Leaving, I knew that I was called back…while away, God began stirring in my heart an even deeper desire to see unreached people hear the gospel. Never has my heart broken more for a people than for the Nepalis.

Through out the rest of my race, Nepal was ever on my heart and mind. Not a day went by that I didn’t think or pray for that nation.

The great Pioneer Missionaries all had ‘inverted homesickness’ this passion to call that country their home which was most in need of the Gospel. In this passion all other passions died; before this vision all other visions faded; this call drowned all other voices.” – Samuel Zwemer

I guess you could say I had an inverted homesickness. And day by day the desire to reach the many unreached in the Himalayas, grew.

Untold millions are still untold.”– John Wesley

I keep saying to myself…that I just want to be a small part of the great things God is doing in the nations. I don’t want to miss something…to go after whats second best in my life. Because what I have found to be best—the One worthy of all my devotion—is Jesus Christ. Therefore I will follow where He leads. I want to live my life completely surrendered to Him. I want to give Him a resounding YES!

I didn’t expect to be going back so soon, but God has His own timing (honestly, it works for me!).

Even as I returned here to America, I felt the call.
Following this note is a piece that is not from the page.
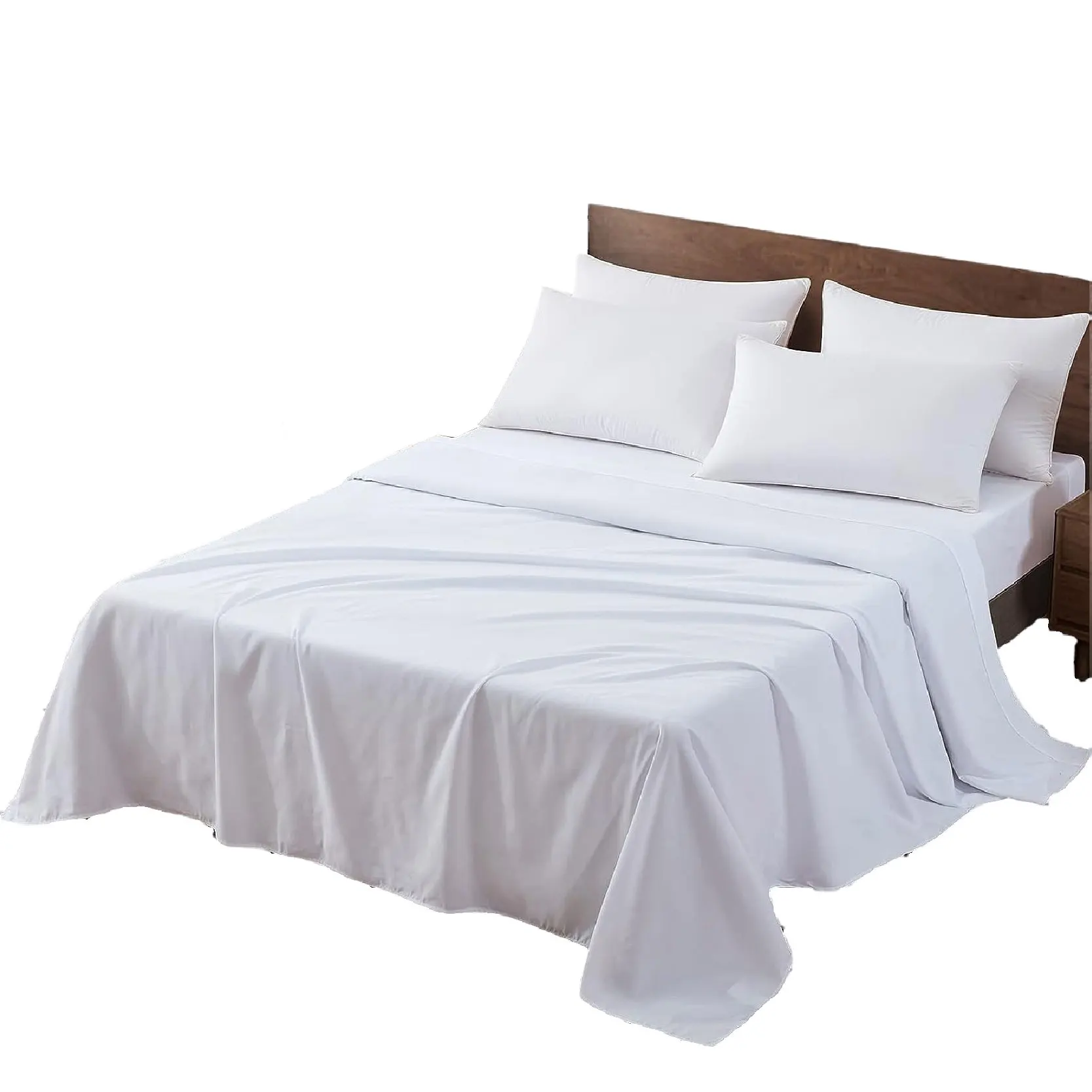 Hotel bed linen suppliers direct sales high quality plain dyed white double size flat Multipurpose bed sheet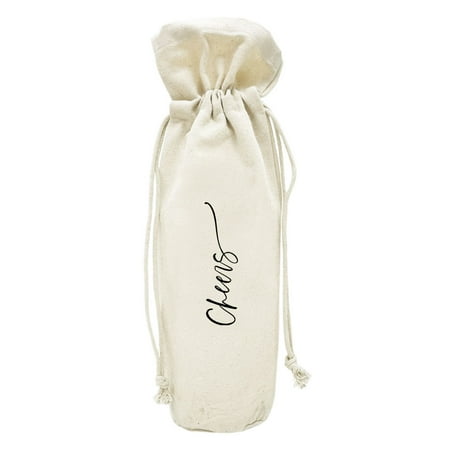 

Koyal Wholesale Cheers Wine Bag Wine Bottle Cover Wedding Canvas Wine Bag Wedding Gifts Wedding Day 1-Pack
GO.

And I look at my truly empty bank account and say “But how?”

And Jesus says, GO

And I look at all the things I would be leaving behind and say “But what about all this?”

And Jesus says, GO

And I listen to what everyone is saying and I say, “But what about them?”

And Jesus says, GO

Radical obedience to Christ is not easy… It’s not comfort, not health, not wealth, and not prosperity in this world. Radical obedience to Christ risks losing all these things. But in the end, such risk finds its reward in Christ. And He is more than enough for us.” – David Platt, Radical

I think I am just beginning to understand now what radical obedience means. It means getting on that plane with only a backpack (again) and small change in my pocket, not knowing exactly what to expect. This may seem foolish in the eyes of many…but I have never been so sure of anything in my life. Sometimes God asks us to do crazy things in the eyes of this world, for His glory.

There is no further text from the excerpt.